Kaliteli baklava için öncelikle kullanılan hammaddelerin organik ve kaliteli olması, daha sonra da ustalığın birinci sınıf olması gerektiğinin altını çizen Aktaş, baklavada kullanılan şekerin de çok önemli olduğunu ifade etti. Aktaş, “Baklava imalatında kullanılan şeker doğal şeker olmalı. Tünetici aldığı baklavayı 3-4 gün beklettiğinde yumuşama olmuyor ve rengi de atmıyorsa bu baklavada glikoz gibi doğal olmayan şeker kullanılmış demektir. Biz baklava üretiminde doğal şeker kullanıyoruz. Bu nedenle de 3. veya 4. günden itibaren şekerleniyor. Bilinçli müşteri bunun farkında. Ancak katkı maddesi koysak, 10 gün geçse bile hiç değişmiyor, ilk günkü gibi görünüyor. Görüntü güzel olsa da bir dilim yediğinizde, gerçek baklava olmadığını anlıyorsunuz” şeklinde açıklamada bulundu.
Kaliteli baklava imalatında işçilik de çok önemli yer tutuyor. Ham madde birinci sınıf olsa da işçilik birinci sınıf değilse yine o baklava kaliteli baklava sınıfına giremiyor. Sert buğdaydan yapılan baklavalık undan açılan hamurun ince olması ve tam kıvamında pişmesi gerekiyor. Baklavanın fırında 1-2 dakika fazla ya da eksik kalmasının kaliteyi bozacağını söyleyen Levent Aktaş, şeker şerbetinin hazırlanmasının da büyük ustalık istediğini ifade etti.
Aktaş, “Şerbetin kıvamını doğru vermezsen yine gerçek baklava olmaz. Şeker oranını çok iyi ayarlamak gerek. Çok hassas bir konu. Çünkü hava sıcaklığına göre şeker oranını ayarlamamız gerekiyor. Yazın farklı, kışın farklı, hesaplar yapılıyor” dedi.

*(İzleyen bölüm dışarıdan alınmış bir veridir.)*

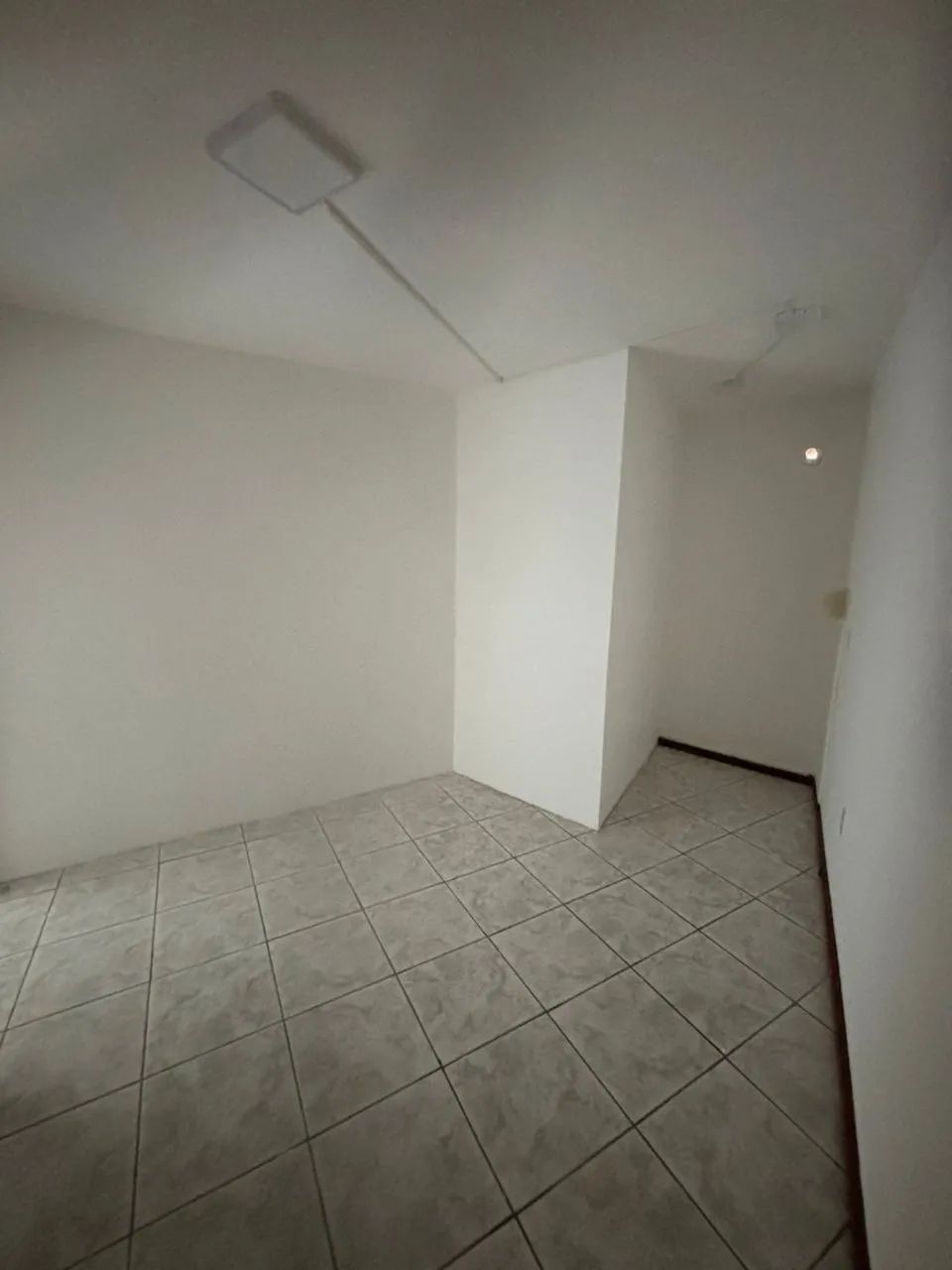 Sala comercial no calçadão de Ararangua  - Foto 5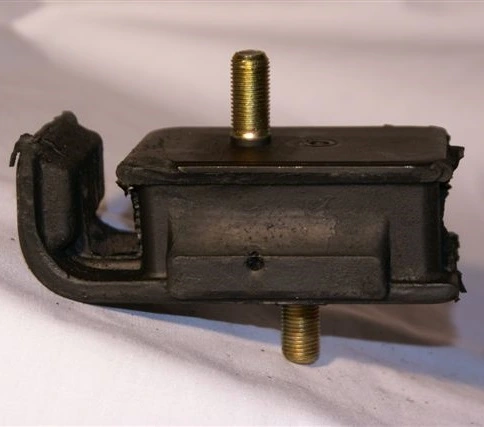 SOPORTE MOTOR DEL HYUNDAI MIGHTY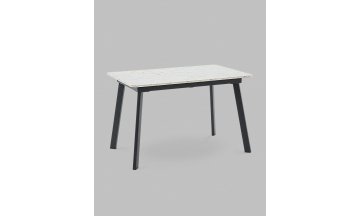 Деревянный стол Калун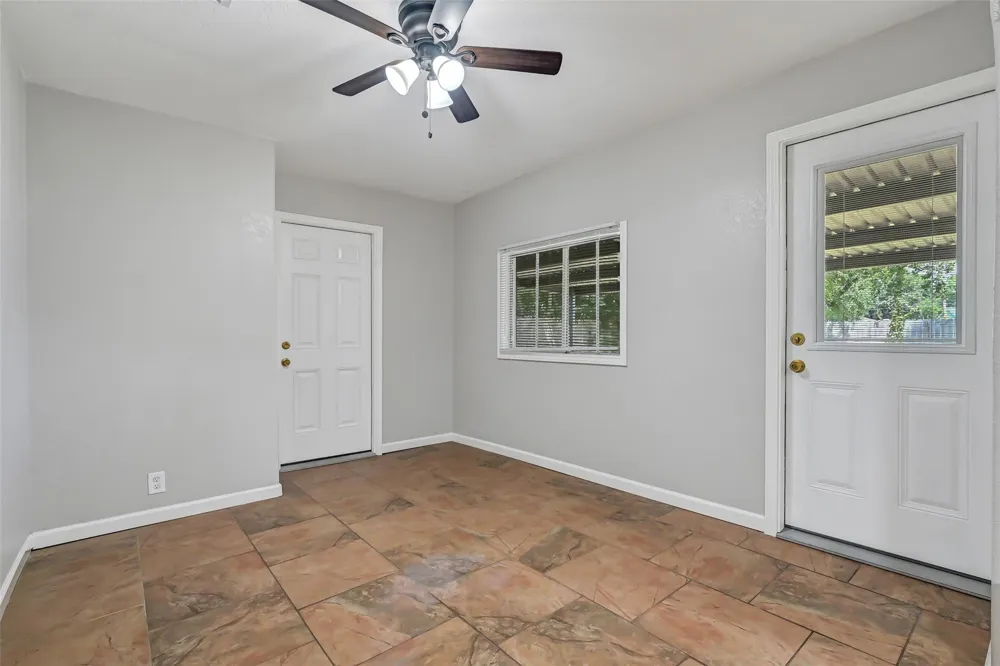 1419 Harris Avenue Pasadena, TX 77506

“Biz butik baklava yapıyoruz. Elin verdiği lezzeti var, ne kadar istesek de makine veremiyor. Makineleşme ile fabrikasyon üretime geçtiğinizde daha az eleman çalıştırıyorsunuz. Ancak biz baklavanın doğallığını, orjinalliğini koruduğumuz için birkaç eleman fazla çalıştırıyoruz ama lezzetten vazgeçmiyoruz. Şube açmamız için çok talep alıyoruz. İki kardeşiz. Birimiz imalatla diğerimiz satışla ilgileniyoruz. Şube açınca 30 yıldan fazla emek verdiğimiz markamızın temsilinde sorun yaşar mıyız diye kaygılarımız var. İş büyüdükçe kontrol zorlaşıyor. Şimdi ben birebir her tepsi ile ilgileniyorum. Yenildikten sonra, ‘İşte gerçek baklava’ denilmesi bizim en büyük ödülümüz.”
Gaziantepli ünlü baklavacı Levent Aktaş, baklavanın tüketim ömrünün ne kadar olduğu ile ilgili soruya bir zaman vermek yerine, “Ne kadar erken tüketirsen o kadar iyidir” diye yanıt verdi. Kuru baklavanın ömrünün 15 güne kadar çıktığını da vurgulayan Aktaş, tüketim süresi arttıkça lezzetin ve doğallığın azaldığını söyledi. Baklavanın yenilmeden önce ısıtılmasını öneren Aktaş, baklavanın saklama koşularını da anlatırken oda sıcaklığında muhafaza edilmesini istedi. Baklavayı yazın sıcaktan, kışın da çok soğuktan korumak gerektiğini vurgulayan Aktaş, baklavayı buzdolabında saklamak yerine oda sıcaklığında saklamanın daha doğru olduğunu açıkladı.
Aktaş, gerçek Gaziantep baklavası almak isteyen tüketicilerin kendini ispatlamış, esnaflığı ve lezzeti ile tüketicinin güvenini kazanmış markaları tercih etmeleri gerektiğini sözlerine ekledi.